The original ISOTRACK project, which was completed towards the end of 2011, successfully developed a new system of monitoring and tracking containers throughout the supply chain.
Major innovations include the development of a composite container door that is transparent to radio frequency, embedded electronic systems to monitor the internal condition of the container, and the wireless transmission of information from inside the container without the need for an external antenna.
There are already a number of different tracking devices on the market that enable businesses and authorities to determine, say, the location or status of a particular container. What makes ISOTRACK technology so innovative is that it is capable of getting a radio frequency (RF) signal out of a steel container. “This device is also the only one that we know of that is integral to the container; there are no external bits that can be knocked off or tampered with, unlike a lot of existing systems,” says project coordinator Dougie Bryce.
The main objective of the ISOTRACK II project, which began in January this year and is due to end in December 2014, is to demonstrate, through field tests, how the new tracking technology works in practice and to underline to business and authorities the potential benefits.
In effect, the project is a good example of EU funding bridging the gap between product development and the realisation of a successful commercial outcome, something that is not always straightforward for many SMEs.

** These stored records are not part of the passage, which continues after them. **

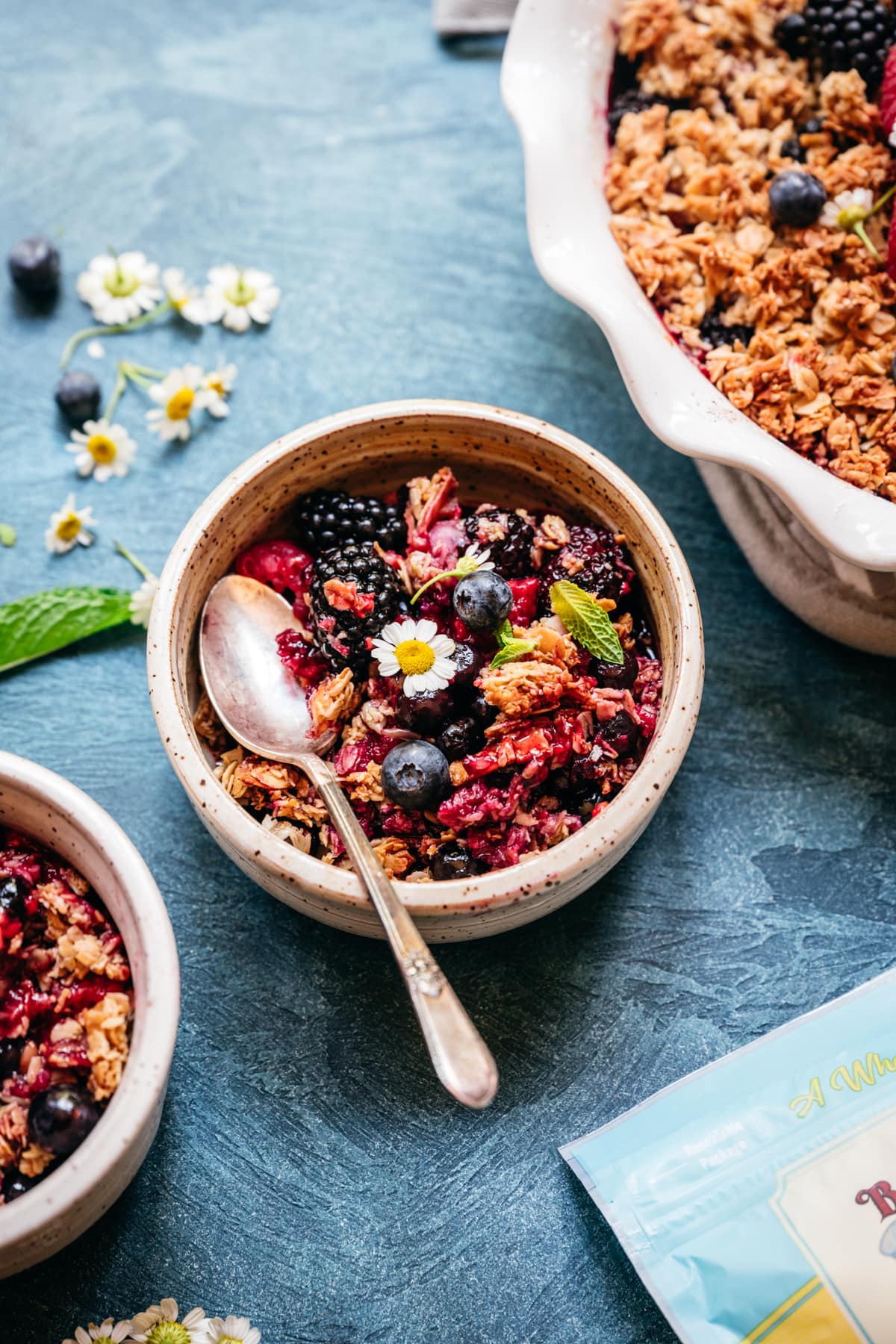 triple berry granola crisp in a small bowl with spoon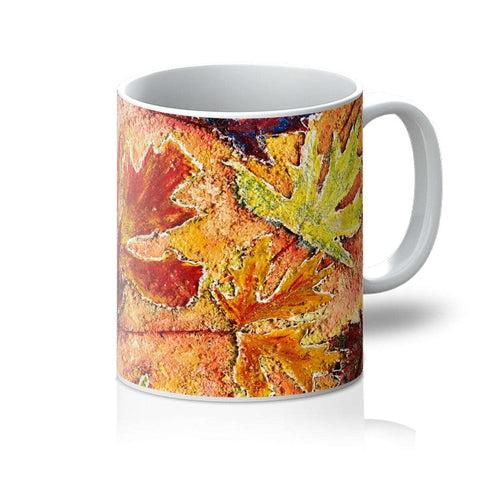 Artistic mug with maple leaves with vibrant playful colours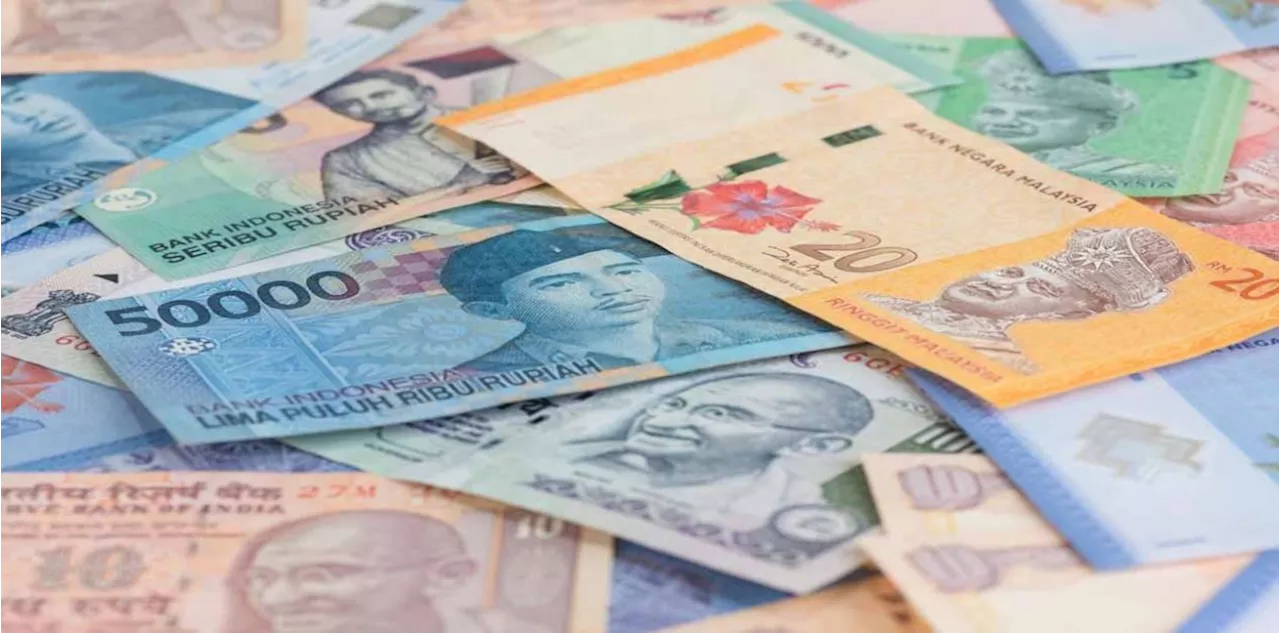 Asian FX loses ground on dollar strength; key cenbank decisions awaited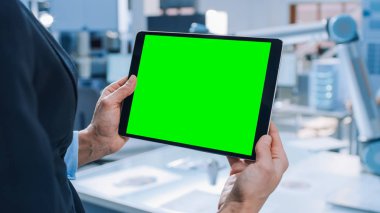 Mühendis Yeşil Mock-up Ekran Dijital Tablet Bilgisayar tutar. Modern Parlak Araştırma Tesisinde Fonksiyonel Robot Kolu ile Çalışan Endüstri Mühendislerinden Oluşan Arka Plan Ekibinde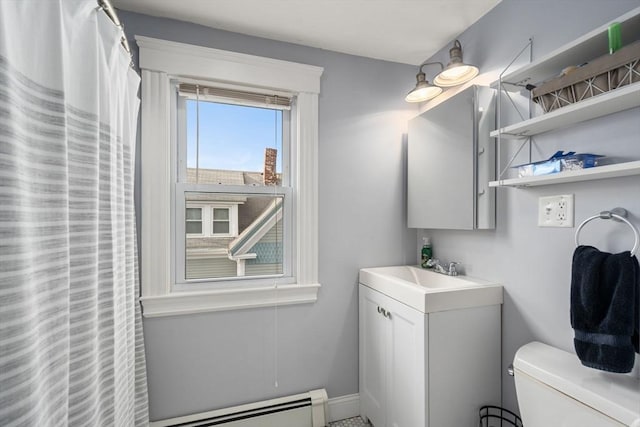 bathroom with toilet, vanity, and a baseboard radiator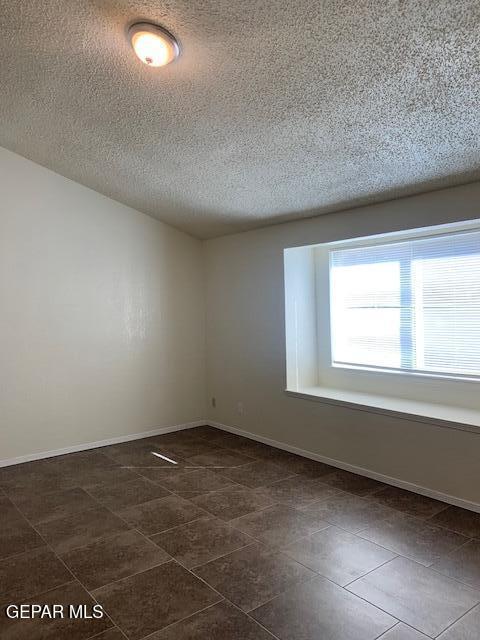 spare room featuring a textured ceiling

Tightening supply chain security
A major issue that this project addresses is supply chain security. When equipped with ISOTRACK technology, dangerous substances and human cargo can be swiftly detected, and this knowledge can then be processed and transmitted immediately to security services.
“The moment something is put in the container it is tracked and reported, from anywhere that has GPS coverage,” says Bryce. “The device is fitted with low-level radiation detection as standard, in addition to heat, CO2 sensing etc. If every container was kitted with this technology, this would constitute a huge step forward in countering terrorism.”
ISOTRACK also provides clear benefits to business, by offering detailed tracking and ensuring that every product is accounted for. “If you put 500 TVs in a container, you’ll know if you still have 500 when you unload,” says Mr Bryce. “You’ll also have instant stock control and instant inventory available – electronic documents can be sent to port and customs as soon as the container is loaded.”
Of course, many an innovative idea – particularly from the SME sector – has failed to see the light of day because of high R&D costs, low industry profile and lack of support. The purpose of ISOTRACK II is to give the consortium a helping hand in moving from the product development stage to market.
“We are big fans of EU funding initiatives,” says Bryce. “Without it, we simply could not have got started. It would have been impossible to have developed a prototype, with no way of taking this prototype to market. Without this current project, our innovation would have withered on the vine.”
Sea trials are scheduled for early next year. It is envisaged that some 100 containers will be used in the demonstrations, on ships ploughing regular freight lines. “This all costs money of course,” says Bryce. “And again, without the EU this would have been impossible. We’ll also be continually developing and testing the software, and expect to have a product ready for market by the end of 2014."